(Short text fragments from websites)
■ ■ ■
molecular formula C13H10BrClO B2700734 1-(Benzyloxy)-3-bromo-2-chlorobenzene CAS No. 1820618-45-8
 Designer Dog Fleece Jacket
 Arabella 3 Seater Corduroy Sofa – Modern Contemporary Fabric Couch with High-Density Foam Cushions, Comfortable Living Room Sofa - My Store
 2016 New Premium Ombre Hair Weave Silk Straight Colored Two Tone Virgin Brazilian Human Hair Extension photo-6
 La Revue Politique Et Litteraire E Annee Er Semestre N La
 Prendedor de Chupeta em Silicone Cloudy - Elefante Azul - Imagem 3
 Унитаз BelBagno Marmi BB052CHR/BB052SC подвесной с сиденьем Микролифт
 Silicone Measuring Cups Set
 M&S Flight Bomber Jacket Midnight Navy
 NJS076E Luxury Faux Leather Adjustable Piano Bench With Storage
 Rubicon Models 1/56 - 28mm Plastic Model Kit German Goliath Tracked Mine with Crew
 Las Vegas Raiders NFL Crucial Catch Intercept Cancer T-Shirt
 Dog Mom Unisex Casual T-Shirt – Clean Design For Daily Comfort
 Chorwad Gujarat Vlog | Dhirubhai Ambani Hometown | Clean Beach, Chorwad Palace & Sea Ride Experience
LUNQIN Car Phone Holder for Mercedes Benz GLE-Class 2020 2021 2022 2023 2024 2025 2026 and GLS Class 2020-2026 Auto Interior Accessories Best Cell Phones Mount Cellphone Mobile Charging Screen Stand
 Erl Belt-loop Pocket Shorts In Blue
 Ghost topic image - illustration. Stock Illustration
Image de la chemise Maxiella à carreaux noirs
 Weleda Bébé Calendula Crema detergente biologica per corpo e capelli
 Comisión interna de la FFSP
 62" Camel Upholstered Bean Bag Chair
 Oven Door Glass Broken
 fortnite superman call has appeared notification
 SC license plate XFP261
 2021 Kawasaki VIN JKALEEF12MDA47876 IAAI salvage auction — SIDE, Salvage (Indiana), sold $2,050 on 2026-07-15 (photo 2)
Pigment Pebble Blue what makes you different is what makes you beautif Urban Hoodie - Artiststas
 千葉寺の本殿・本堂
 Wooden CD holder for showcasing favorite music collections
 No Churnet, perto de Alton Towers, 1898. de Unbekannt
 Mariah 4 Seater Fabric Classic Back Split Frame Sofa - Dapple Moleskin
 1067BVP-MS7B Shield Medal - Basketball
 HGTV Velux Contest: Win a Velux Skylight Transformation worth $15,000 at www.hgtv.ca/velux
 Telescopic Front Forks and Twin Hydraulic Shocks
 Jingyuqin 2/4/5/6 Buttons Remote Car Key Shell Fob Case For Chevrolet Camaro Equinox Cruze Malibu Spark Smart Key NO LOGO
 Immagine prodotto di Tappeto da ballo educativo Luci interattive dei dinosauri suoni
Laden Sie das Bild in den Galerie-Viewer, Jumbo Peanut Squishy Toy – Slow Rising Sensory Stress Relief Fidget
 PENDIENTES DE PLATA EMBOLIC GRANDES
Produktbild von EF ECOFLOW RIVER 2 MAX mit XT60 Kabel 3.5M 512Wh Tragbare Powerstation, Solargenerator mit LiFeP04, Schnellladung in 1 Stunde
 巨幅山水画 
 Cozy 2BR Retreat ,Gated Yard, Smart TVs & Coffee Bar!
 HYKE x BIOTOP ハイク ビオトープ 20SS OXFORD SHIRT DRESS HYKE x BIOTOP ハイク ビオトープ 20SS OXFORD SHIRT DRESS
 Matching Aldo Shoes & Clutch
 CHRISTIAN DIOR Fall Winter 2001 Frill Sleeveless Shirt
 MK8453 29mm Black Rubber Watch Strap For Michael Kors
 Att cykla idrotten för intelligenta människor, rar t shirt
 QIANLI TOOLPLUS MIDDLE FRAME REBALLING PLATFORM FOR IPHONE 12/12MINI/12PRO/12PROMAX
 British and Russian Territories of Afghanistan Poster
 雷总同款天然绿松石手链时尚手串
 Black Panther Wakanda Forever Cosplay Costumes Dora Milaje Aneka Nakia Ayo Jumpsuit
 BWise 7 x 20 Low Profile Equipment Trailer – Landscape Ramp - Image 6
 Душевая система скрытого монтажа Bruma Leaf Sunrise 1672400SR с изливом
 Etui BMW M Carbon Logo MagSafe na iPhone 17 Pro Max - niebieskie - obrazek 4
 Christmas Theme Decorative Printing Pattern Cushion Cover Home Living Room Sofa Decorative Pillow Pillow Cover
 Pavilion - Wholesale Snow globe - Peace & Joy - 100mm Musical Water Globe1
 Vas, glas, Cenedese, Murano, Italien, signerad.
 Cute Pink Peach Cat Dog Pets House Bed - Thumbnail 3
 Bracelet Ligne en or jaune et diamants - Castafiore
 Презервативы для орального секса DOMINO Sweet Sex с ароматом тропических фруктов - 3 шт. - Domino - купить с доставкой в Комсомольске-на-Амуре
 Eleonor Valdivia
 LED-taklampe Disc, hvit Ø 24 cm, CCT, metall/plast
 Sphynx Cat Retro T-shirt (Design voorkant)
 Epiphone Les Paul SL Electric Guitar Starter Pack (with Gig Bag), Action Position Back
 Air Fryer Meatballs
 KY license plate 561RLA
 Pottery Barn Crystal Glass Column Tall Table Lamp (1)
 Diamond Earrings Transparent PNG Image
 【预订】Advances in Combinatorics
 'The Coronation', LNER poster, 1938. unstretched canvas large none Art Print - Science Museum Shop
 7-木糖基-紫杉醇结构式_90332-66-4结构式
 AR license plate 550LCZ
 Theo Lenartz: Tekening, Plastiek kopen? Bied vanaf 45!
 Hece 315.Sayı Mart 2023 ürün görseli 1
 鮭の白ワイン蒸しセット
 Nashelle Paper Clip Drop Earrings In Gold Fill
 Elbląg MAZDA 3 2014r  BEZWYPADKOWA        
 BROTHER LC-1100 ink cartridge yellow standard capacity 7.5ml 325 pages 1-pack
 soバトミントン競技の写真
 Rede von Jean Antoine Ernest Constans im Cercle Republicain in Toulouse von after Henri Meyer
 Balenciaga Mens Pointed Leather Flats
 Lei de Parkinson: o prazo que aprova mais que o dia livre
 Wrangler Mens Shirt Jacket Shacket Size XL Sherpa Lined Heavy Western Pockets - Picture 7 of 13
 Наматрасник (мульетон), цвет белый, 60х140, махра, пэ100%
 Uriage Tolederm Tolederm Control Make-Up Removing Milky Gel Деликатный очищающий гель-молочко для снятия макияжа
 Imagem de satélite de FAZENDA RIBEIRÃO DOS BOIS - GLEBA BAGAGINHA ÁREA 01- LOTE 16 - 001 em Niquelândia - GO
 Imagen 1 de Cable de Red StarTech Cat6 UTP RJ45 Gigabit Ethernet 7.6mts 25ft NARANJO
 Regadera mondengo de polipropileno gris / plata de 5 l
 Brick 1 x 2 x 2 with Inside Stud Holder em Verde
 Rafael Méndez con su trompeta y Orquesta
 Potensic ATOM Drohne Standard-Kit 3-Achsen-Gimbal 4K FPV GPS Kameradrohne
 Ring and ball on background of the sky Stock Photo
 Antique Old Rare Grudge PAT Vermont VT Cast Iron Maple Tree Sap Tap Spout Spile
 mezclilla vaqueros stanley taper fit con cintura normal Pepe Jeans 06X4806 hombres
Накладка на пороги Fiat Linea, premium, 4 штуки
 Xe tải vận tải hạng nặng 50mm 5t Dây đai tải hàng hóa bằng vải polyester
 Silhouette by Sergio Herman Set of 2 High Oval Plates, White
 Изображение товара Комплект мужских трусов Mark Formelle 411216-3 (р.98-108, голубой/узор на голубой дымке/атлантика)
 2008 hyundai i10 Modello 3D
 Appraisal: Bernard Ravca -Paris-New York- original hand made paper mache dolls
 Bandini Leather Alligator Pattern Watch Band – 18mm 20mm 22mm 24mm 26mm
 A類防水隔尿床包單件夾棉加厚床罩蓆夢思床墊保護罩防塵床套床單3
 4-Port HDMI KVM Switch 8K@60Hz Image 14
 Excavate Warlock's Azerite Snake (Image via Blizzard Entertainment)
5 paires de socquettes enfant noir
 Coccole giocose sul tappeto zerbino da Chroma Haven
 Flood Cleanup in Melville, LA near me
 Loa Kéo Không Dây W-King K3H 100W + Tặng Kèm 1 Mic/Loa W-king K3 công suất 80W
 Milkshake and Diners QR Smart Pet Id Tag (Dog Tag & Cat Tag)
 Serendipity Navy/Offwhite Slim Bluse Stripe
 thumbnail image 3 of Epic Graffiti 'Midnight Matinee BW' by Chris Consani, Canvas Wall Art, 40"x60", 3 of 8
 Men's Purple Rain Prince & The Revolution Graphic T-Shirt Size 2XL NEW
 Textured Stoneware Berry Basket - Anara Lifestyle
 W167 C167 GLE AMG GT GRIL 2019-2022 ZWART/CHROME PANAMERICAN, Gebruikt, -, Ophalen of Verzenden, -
■ ■ ■
- **EXERCISE AIM**:
Please print verbatim each line from the first line of the entries above to the line that contains "Arabella 3 Seater", inclusive, and nothing more.

- **COMPLETED TASK**:
molecular formula C13H10BrClO B2700734 1-(Benzyloxy)-3-bromo-2-chlorobenzene CAS No. 1820618-45-8
 Designer Dog Fleece Jacket
 Arabella 3 Seater Corduroy Sofa – Modern Contemporary Fabric Couch with High-Density Foam Cushions, Comfortable Living Room Sofa - My Store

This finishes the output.